Your objective: Using the records below, please work out how many lines contain "Front"; answer with the number alone.

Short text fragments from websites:
..............................
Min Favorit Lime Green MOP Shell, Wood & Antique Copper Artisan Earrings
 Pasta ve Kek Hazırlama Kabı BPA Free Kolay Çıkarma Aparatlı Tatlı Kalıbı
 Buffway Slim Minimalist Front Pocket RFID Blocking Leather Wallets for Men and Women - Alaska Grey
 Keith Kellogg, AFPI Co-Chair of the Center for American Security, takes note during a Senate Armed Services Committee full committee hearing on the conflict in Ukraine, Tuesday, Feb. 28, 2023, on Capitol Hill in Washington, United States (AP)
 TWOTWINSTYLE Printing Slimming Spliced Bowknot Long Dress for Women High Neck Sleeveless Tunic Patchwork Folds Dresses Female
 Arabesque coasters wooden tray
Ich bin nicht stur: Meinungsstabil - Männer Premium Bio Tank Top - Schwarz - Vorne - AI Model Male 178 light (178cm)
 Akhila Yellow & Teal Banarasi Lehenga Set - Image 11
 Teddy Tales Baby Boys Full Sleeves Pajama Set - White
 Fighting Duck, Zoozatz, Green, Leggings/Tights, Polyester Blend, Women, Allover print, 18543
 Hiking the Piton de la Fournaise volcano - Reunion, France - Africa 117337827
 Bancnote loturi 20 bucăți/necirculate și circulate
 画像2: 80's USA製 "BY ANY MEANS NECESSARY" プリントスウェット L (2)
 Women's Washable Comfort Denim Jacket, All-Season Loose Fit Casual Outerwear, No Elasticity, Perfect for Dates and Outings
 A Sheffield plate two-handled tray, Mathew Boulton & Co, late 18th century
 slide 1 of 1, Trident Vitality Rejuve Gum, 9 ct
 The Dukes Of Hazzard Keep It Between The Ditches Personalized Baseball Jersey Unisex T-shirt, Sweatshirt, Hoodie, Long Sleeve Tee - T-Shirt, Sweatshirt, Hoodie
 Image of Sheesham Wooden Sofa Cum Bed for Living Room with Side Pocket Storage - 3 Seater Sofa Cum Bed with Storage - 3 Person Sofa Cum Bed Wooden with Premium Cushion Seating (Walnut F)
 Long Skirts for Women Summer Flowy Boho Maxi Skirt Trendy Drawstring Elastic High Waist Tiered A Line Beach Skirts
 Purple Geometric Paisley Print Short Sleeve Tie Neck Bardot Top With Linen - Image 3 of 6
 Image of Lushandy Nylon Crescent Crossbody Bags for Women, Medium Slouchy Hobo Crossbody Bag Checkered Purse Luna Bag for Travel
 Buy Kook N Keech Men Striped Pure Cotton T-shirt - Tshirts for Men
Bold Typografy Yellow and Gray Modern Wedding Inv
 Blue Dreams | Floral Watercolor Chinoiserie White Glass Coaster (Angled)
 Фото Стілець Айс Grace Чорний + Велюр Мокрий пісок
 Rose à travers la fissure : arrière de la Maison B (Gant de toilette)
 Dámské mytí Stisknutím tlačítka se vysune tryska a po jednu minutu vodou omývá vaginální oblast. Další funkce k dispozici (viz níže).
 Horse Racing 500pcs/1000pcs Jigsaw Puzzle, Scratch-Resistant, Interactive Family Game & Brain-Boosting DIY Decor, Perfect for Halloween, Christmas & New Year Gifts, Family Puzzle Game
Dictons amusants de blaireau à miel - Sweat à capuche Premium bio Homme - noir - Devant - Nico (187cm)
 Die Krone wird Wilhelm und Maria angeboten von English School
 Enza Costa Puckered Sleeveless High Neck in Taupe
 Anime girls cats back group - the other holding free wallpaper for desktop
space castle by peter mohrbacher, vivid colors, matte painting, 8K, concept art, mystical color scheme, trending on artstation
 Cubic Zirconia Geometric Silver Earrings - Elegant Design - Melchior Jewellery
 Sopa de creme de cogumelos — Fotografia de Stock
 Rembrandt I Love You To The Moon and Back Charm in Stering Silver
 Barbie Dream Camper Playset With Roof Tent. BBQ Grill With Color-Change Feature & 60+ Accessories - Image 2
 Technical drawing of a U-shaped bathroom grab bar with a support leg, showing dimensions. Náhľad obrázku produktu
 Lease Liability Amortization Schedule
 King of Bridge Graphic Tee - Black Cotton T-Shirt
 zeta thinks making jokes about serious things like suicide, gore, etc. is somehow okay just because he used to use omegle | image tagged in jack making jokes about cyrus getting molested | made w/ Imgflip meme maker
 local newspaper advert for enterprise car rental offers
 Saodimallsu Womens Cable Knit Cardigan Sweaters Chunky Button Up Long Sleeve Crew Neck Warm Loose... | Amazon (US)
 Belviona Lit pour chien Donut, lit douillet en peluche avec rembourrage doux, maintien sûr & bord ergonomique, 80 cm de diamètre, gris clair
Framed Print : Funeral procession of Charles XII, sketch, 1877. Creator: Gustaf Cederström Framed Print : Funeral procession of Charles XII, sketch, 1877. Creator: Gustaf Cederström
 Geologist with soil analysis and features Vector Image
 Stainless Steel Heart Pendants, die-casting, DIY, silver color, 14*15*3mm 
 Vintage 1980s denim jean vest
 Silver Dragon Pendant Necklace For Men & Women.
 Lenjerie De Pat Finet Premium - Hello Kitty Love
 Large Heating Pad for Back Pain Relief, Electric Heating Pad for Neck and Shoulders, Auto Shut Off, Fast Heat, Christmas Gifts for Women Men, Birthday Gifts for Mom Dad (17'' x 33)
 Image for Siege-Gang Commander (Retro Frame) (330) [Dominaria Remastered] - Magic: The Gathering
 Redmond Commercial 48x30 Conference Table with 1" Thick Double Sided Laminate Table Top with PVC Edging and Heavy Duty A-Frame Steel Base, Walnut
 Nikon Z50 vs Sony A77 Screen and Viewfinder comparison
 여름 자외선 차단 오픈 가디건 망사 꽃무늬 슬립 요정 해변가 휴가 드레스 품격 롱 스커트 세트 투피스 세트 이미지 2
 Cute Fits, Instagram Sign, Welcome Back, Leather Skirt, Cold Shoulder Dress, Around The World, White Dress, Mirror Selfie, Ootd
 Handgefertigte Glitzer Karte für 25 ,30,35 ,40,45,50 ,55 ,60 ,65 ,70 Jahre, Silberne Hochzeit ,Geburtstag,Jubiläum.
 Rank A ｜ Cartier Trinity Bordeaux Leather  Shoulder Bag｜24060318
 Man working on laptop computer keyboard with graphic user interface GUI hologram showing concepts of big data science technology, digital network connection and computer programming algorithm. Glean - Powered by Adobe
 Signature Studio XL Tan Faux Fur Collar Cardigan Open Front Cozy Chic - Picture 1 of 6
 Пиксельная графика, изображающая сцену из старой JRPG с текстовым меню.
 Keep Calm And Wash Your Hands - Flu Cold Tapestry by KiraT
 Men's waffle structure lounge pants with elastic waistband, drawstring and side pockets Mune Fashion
..............................
Answer box: 2